Пять лет тишины Россия употребила на восстановление хозяйства, подорванного смоленской войной и татарскими рейдами, но, прежде всего, на активное возведение земляных валов и деревянных острогов на путях, ведущих к Туле. Не ошибись Черкасский с кандидатурой стольника И.И. Бутурлина, из склочности раскритиковавшего план Сухотина, утвержденный князем 7 (17) января 1637 г., то все три дороги успели бы накрепко перекрыть к завершению азовской эпопеи. Однако, «директор» Кальмиусского участка огульной хулой посеял в душе первого министра сомнения, побудившие перепроверить сухотинский отчет.

Новые инспекции и согласования затянулись на два года, причем велись недобросовестно. В итоге вместо земляных валов Кальмиусский (от реки Оскол севернее Валуек до реки Тихая Сосна) и Муравский (от реки Ворсклы до Белгорода) шляхи получили три крепости — Усерд, Хотымжск, Вольный — и пять (2 и 3) острогов. Лишь на Изюмском тракте воеводы А.В. Бутурлин и Д.П. Львов не злословили, а занимались делом и за три года (1637—1640) построили и земляной вал от Холанского леса (около реки Оскол) до реки Короч, и две крепости — Яблонов и Короч.
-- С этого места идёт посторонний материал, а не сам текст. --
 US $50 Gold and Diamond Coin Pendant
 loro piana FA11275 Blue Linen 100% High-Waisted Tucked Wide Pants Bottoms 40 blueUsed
Наконец, факт четвертый. Обескровленный трехмесячным отражением турецкой осады азовский гарнизон покинул полуразрушенную, более непригодную для обороны крепость не прежде, чем узнал о соответствующем разрешении московского царя. Хотя казаки очень хотели уйти из города («итти врознь»), о чем свидетельствует такая подробность. Дьяк Михаил Иванович Засецкий с государевой грамотой, распускающей войско «по старым своим куреням», добрался до Азова 28 мая (7 июня) 1642 г. Однако там уже вовсю шла эвакуация «рухляди», пушек и прочих запасов «на Махин остров». Оказалось, казак Иван Заика с «радостной» вестью прискакал к защитникам за шесть дней «до ево, Михайлова, приезду», и те тут же засобирались в дорогу, не дожидаясь официального извещения. Кстати, в Москве, наоборот, не очень хотели сдачи туркам Азова. И когда делегация казаков во главе с Наумом Васильевым 28 октября (7 ноября) 1641 г. приехала к царю выпрашивать позволение казакам разъехаться по домам «после Рожества Христова вскоре», Черкасский 2 (12) декабря отправил в Азов комиссаров (Афанасия Желябужского и Арефья Башмакова) убедиться в том, что город, и вправду, еще год не продержится. Комиссия вернулась 8 (18) марта 1642 г. и подтвердила плачевное состояние азовской цитадели: «розбито все, и стены и башни испорчены». Только тогда Москва удовлетворила желание союзников с Дона{12}.